The LendingPool::finalizeLiquidation function does not determine the number of NFTs required to cover the user's debt before transferring them to the StabilityPool. Instead, it transfers all deposited NFTs, potentially resulting in excessive collateral loss for the user.
The function LendingPool::finalizeLiquidation iterates over all of user.nftTokenIds and transfers them to the StabilityPool.
There is no calculation to determine how many NFTs are actually needed to cover the outstanding debt.
This can result in more NFTs being transferred than necessary, leading to an unfair liquidation process.
Users may lose more collateral than required to settle their debt.
The system might unintentionally overcompensate the Stability Pool, creating an imbalance in liquidation rewards.

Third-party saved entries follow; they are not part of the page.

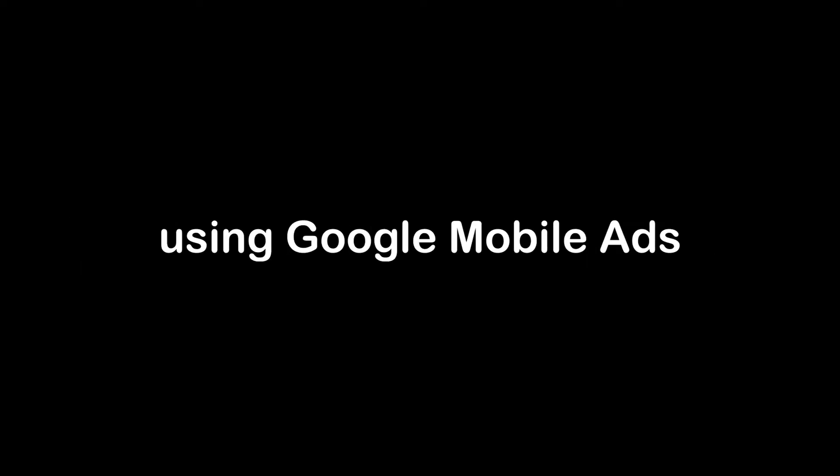Hello everybody, welcome back. In this video I will show you how to add ads to your Flutter app using Google mobile ads. Ok, let's begin.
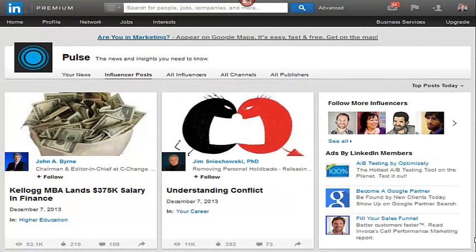With influencer posts, LinkedIn invited a lot of famous people, authors, and business people to become influencers, and they expanded that program. There are lots of different people considered influencers that publish content on a regular basis. The program's now closed, unfortunately, so you can't become an influencer, but hopefully they'll open that program up, because most of the people accepted as influencers don't post very frequently.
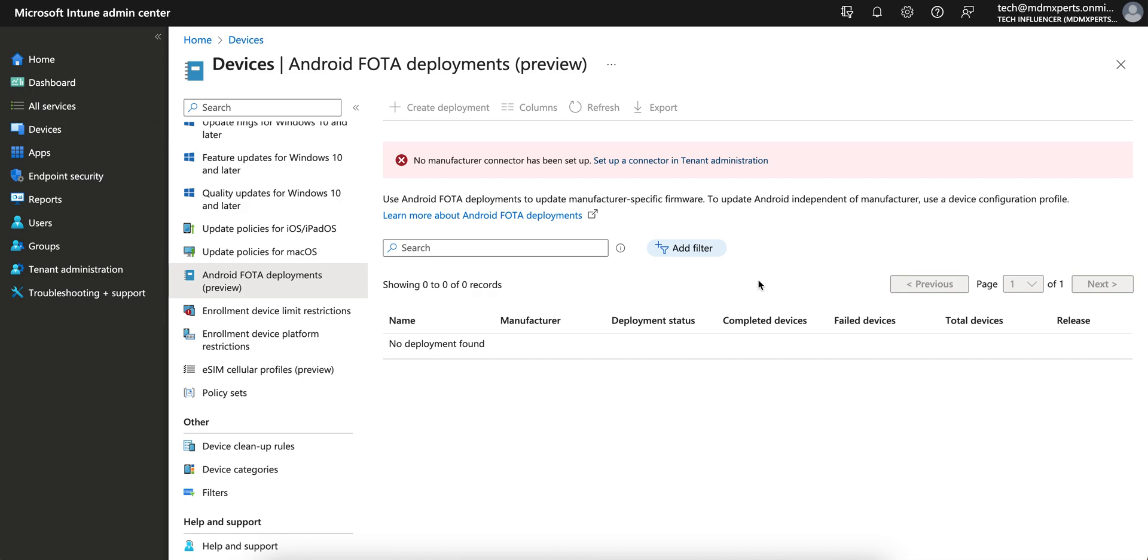In this video, I'm going to show you about this new Android FOTA deployment, which is actually in public preview mode. We'll see what is the use of this and how you can update your firmware through Microsoft Intune to your Android devices.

This could lead to reduced user trust and potential legal or regulatory issues.
PoC
user2 deposits 1000 ether worth of crvusd into the lendingPool.

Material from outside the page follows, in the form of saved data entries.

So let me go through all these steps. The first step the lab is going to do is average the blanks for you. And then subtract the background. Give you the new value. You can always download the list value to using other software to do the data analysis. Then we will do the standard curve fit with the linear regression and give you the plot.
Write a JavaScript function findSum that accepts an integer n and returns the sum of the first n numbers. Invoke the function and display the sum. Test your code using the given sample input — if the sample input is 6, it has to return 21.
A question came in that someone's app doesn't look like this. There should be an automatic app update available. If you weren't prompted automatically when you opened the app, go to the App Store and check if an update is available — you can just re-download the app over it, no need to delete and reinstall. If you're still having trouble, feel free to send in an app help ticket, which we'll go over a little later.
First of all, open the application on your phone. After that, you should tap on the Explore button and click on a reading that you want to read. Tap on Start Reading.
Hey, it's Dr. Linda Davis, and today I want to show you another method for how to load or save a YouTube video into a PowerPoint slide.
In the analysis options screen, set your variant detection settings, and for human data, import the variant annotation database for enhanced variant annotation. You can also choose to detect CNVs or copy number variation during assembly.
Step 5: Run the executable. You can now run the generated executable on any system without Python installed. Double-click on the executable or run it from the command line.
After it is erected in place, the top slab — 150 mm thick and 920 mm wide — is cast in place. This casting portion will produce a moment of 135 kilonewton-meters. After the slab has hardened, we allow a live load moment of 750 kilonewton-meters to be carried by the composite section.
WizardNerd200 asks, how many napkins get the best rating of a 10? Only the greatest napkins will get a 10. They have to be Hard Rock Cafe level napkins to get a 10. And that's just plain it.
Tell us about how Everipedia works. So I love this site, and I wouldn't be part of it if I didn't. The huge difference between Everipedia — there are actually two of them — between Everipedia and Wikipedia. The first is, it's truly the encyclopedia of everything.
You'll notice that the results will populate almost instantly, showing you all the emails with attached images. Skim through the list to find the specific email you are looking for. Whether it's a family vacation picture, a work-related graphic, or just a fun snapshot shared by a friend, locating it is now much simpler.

user1 deposits one NFT into the lendingPool.
user1 borrows 125 ether from the lendingPool.
liquidation is triggered on user1's loan.
user1 deposits additional two NFT after liquidation initiation.
The contract time advances by 5 days.
The stability pool finalizes the liquidation.
All 3 NFTs of user1 are transfered from lending pool to the stability pool even though only the first one was used for collateral
Manual code review
Implement a mechanism to determine the minimum number of NFTs required to cover the user's debt.
Transfer only the required number of NFTs instead of all NFTs.
Introduce a fair liquidation model to ensure users do not lose excess collateral.